Since I tried multiple datasets, I think its something to do with less memory.
Did I lose the work that I did so far? Should I create new instance and start fresh?
This isn’t a good place to ask for individual account support. Please use official AWS support channels for that.
Thanks for @matt.mcclean we now have an updated installation experience which should “just work”. All your data and models will be stored persistently, and you’ll have plenty of space.
Please try it out (delete your old config and instances first) and let us know how it goes for you!

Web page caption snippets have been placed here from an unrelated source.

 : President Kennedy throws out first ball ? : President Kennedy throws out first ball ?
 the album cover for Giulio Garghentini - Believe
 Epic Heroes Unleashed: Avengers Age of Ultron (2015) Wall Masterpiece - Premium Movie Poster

Did you try and have a look at the CloudWatch logs to see what the error is when restarting the instance? You can goto the CloudWatch console by clicking the Services option on your AWS console then typing in cloudwatch to the search box. When your CloudWatch page is open click the Logs option in the left sidebar menu and look for the Log Group named /aws/sagemaker/NotebookInstances. Click on it then select the Log Stream named fastai/LifecycleConfigOnStart. You should hopefully see the error message why it did not work. You should not have lost the work so far as it is saved to the EBS volume so persisted between restarts. If you create a new instance you will lose your previous work.
Thanks Matt . I could not find any helpful log (no error message). But I ended up creating new instance since I could not open the old one. I convinced myself that I lost the work! Thankfully this happened after 1 week, and not towards the end of the course.

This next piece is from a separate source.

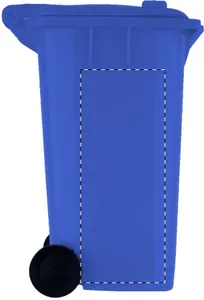 Support publicitaire pour stylos - Perera | Bleu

If it happens again then I would delete the Start notebook script commands so it should boot up fine. That way you will not lose your previous work. You will have to run manually the following commands in a terminal in your Jupyter web console to create the symlinks and install the ipython kernel.
ln -s /home/ec2-user/SageMaker/.torch /home/ec2-user/.torch ln -s /home/ec2-user/SageMaker/.fastai /home/ec2-user/.fastai cd /home/ec2-user/SageMaker source activate envs/fastai ipython kernel install --name 'fastai' --display-name 'Python 3' --user
@matt.mcclean Finally what we need to follow for installation ? Do we need to delete the notebooks which we had created earlier using the official fastai documentation and follow the new one to install?
I couldn’t find the Launch Stack Button. Can anyone help me with step 2 and 3 of Sagemaker setup?
The “Launch stack” buttons are on this page, https://course-v3.fast.ai/start_sagemaker.html#getting-set-up, not your aws console. They look like they are part of the guide photos, but are actual buttons.
I am assuming that the new script by matt solved it ?
sorry, i was away for a bit.
@ everyone else, is there an easy way to add an “at now + 4 hours shutdown” or something at the start of the notebook, to prevent people forgetting to turn it off.
also, when returning to a notebook that was created earlier, how do i get the content to update (new ipynb notebooks are added weekly, but do not appear on the created instance)
FWIW the stack method isn’t working for me, “course-v3” folder is not appearing 20 minutes after cloudwatch seems to have completed creating the notebook (@matt.mcclean )
At the moment you cannot automatically stop a SageMaker instance. You could do this with a Lambda function that is triggered by a CloudWatch event, every night for example at a certain time to check if your notebook is running and stop it if so. Here is a link to the AWS documentation showing how to run a Lambda function on a schedule.
If you have launched a SageMaker notebook recently using the CFN template then it will install a custom start script in the directory
~/SageMaker/custom-start-script.sh. You can modify this to perform custom actions when the notebook is restarted. The default behaviour is to update the fastai conda library and also update the course-v3 repo from GitHub.
Regarding the error, did you have a look in the CloudWatch log file as per the instructions here?
can’t we just stop our notebook instances by just clicking the stop button as suggested in official doc??